>>

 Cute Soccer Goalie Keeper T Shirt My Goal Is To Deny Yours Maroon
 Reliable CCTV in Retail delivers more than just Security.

<<
>>

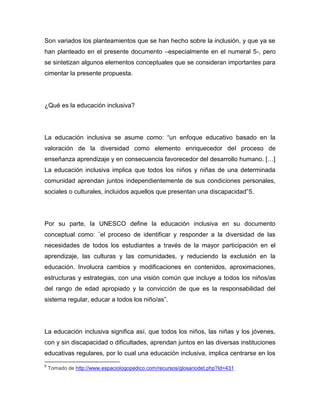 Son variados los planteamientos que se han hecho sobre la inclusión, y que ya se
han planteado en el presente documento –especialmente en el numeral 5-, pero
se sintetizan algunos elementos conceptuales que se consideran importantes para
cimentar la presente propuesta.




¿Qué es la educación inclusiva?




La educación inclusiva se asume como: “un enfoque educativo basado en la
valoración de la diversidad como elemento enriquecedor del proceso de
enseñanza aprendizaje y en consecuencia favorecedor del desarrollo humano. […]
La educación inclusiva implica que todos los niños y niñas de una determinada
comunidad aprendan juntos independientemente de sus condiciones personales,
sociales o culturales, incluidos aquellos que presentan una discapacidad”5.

<<
>>

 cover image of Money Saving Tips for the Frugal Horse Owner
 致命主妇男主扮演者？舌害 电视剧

<<

(DIRECTIONS FOR THIS TASK) Among the lines above, repeat exactly those from the line with "comunidad aprendan juntos" to the line with "sociales o culturales, incluidos", counting both ends.

(ANSWER SECTION)
comunidad aprendan juntos independientemente de sus condiciones personales,
sociales o culturales, incluidos aquellos que presentan una discapacidad”5.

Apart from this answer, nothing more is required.